HSE & Sustainability

Hostages Freed Amid Deadly Energy Company Protests in Colombia

Eighty-eight officers and employees have been released after violence broke out against the oil company Emerald Energy.

Colombia.jpg
Colombia's defence minister, Iván Velásquez, greets a recently freed police officer who was among the hostages released on 3 March.
Source: Colombian Ministry of Defense/Reuters

Colombian President Gustavo Petro announced that his ministers successfully negotiated the release of 88 hostages taken during a deadly protest against the oil company Emerald Energy.

“Thanks to the efforts of the ministers of Defense and the Interior, all police members and oil officials retained in San Vicente del Caguán, Caquetá, have been released,” Petro wrote on 3 March.

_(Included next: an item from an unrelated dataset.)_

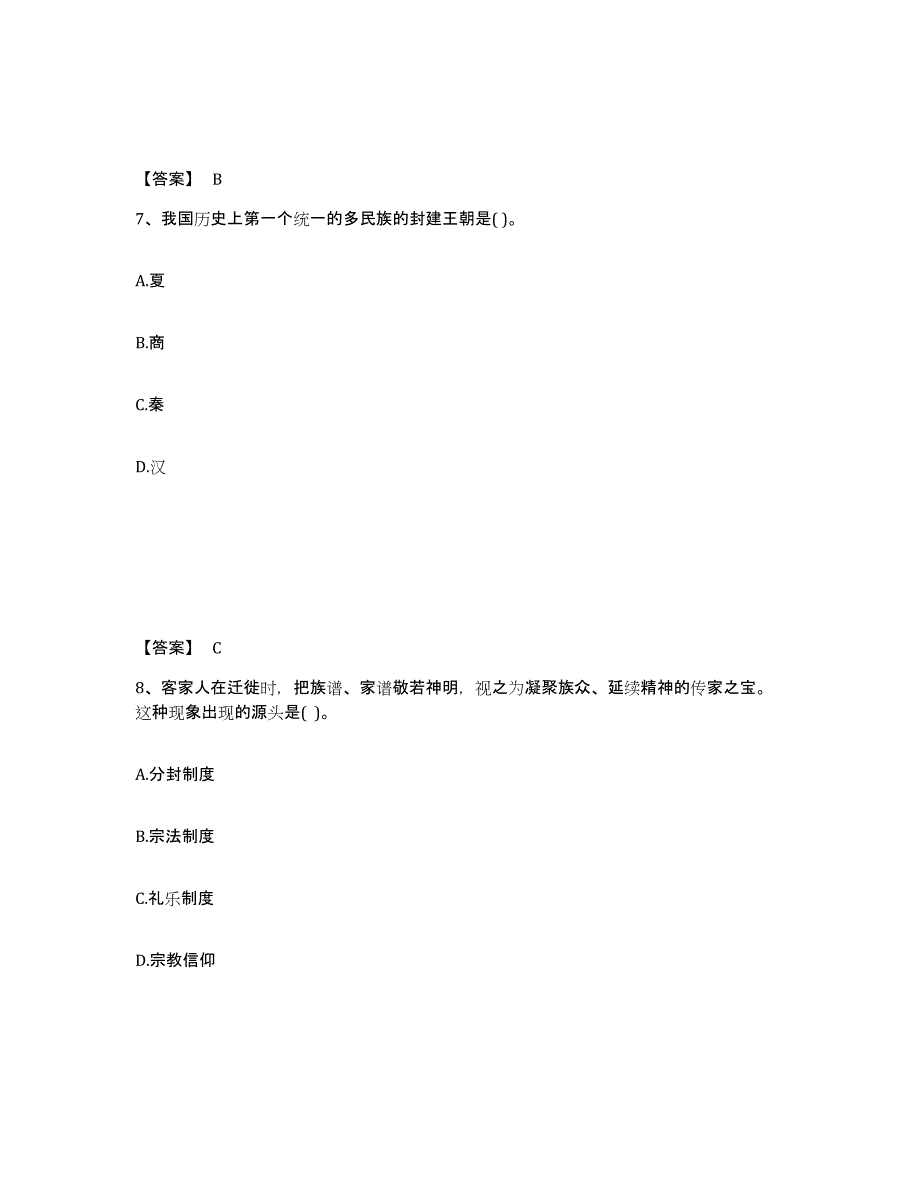 备考2025云南省昭通市水富县中学教师公开招聘能力提升试卷A卷附答案_第4页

In a video released to the media, Petro also appealed to the protesters, many of whom hail from Indigenous and rural communities, promising a “dialogue” with them “about their needs, their complaints, their claims.”

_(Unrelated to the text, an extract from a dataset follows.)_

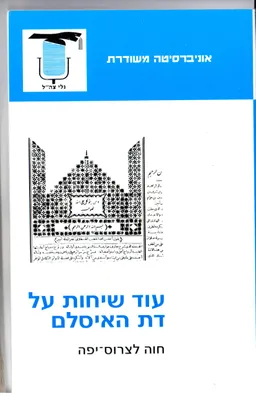 עוד שיחות על דת האיסלם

“This a government for dialogue, a government that belongs to them,” Petro said in the video.

A total of 88 people had been held captive as part of the protests, which demanded that Emerald Energy provide infrastructure investments and compensation for environmental damage to the surrounding community.

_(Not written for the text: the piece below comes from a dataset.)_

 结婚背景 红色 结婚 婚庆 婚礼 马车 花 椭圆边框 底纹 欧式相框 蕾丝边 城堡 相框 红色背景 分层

Nine of the initial hostages were oil company employees. The other 79 were police officers.

In addition, two people were killed in the demonstrations: a civilian struck by gunfire and a police officer identified as 39-year-old Ricardo Arley Monroy.

The protests, which began on 2 March, shut down access to an oil field, and video appeared to show demonstrators setting fire to company property.

Protesters have called on Emerald Energy to repave roads and improve facilities like schools in the largely rural area surrounding the oil fields.

A spokesperson for the communities involved in the protest told Al Jazeera earlier on Friday that an estimated 4,000 people, from farming and Indigenous communities, had taken part in the protests.

The spokesperson also denied reports that armed groups had infiltrated the demonstrations, calling the rumours an attempt to delegitimise the protesters’ demands.